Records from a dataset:
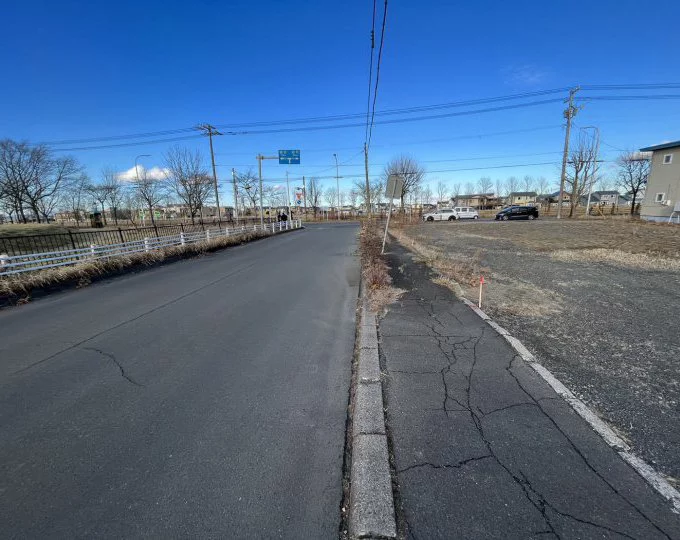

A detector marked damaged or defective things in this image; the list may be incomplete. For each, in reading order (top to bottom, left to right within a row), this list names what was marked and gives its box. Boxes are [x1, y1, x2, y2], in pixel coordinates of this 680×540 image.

cracked pavement [380, 243, 676, 536]
asphalt patch repair [378, 240, 680, 540]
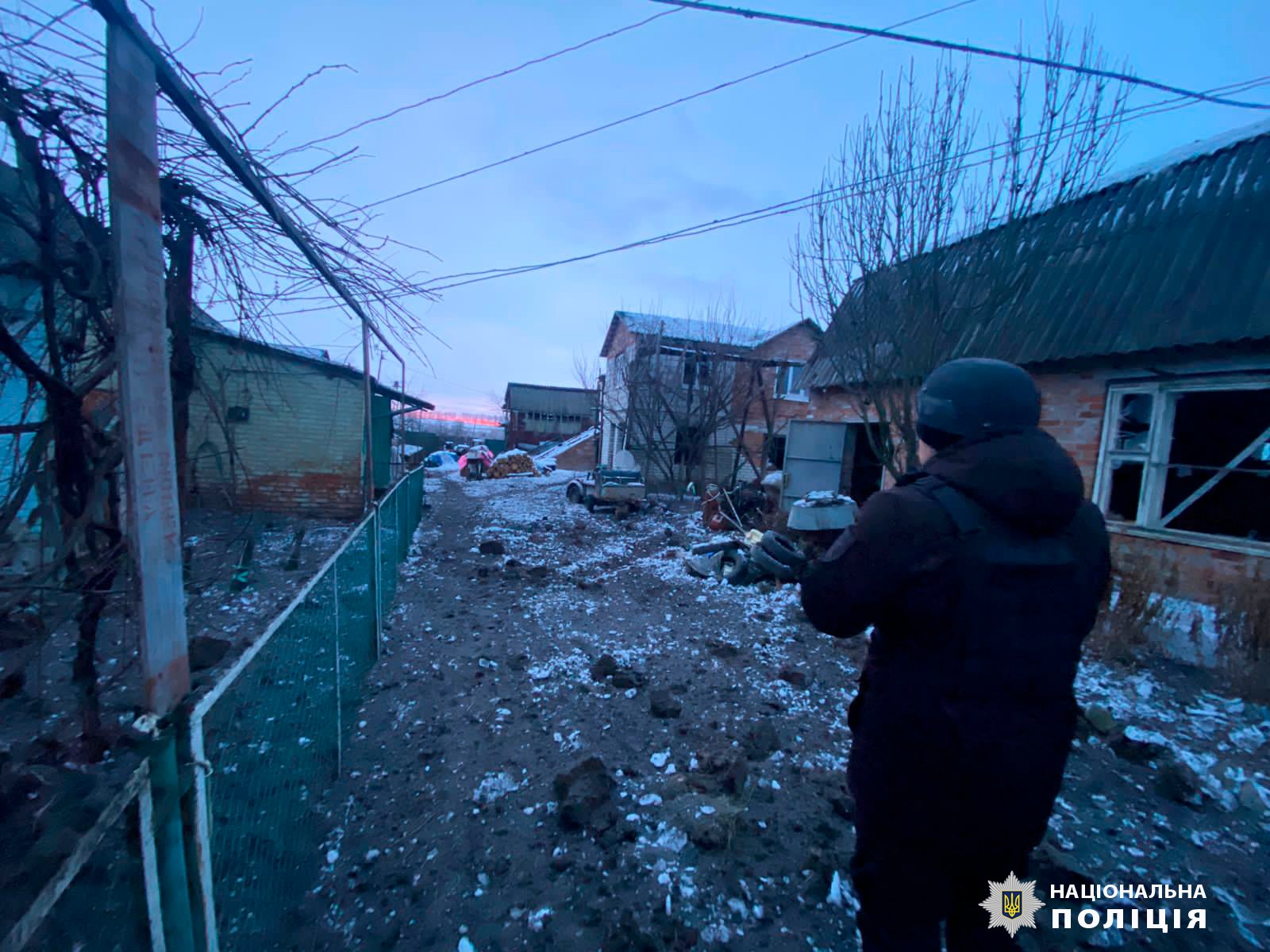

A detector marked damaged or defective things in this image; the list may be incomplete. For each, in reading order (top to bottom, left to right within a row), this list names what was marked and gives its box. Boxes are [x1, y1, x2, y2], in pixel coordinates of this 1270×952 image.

shattered window [1099, 378, 1264, 543]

**Aim of the task:** Can you quote exactly the lines from the one containing "this 1270×952 image." through the last line of the records above, and nothing else?

**Your solution:**
A detector marked damaged or defective things in this image; the list may be incomplete. For each, in reading order (top to bottom, left to right within a row), this list names what was marked and gives its box. Boxes are [x1, y1, x2, y2], in pixel coordinates of this 1270×952 image.

shattered window [1099, 378, 1264, 543]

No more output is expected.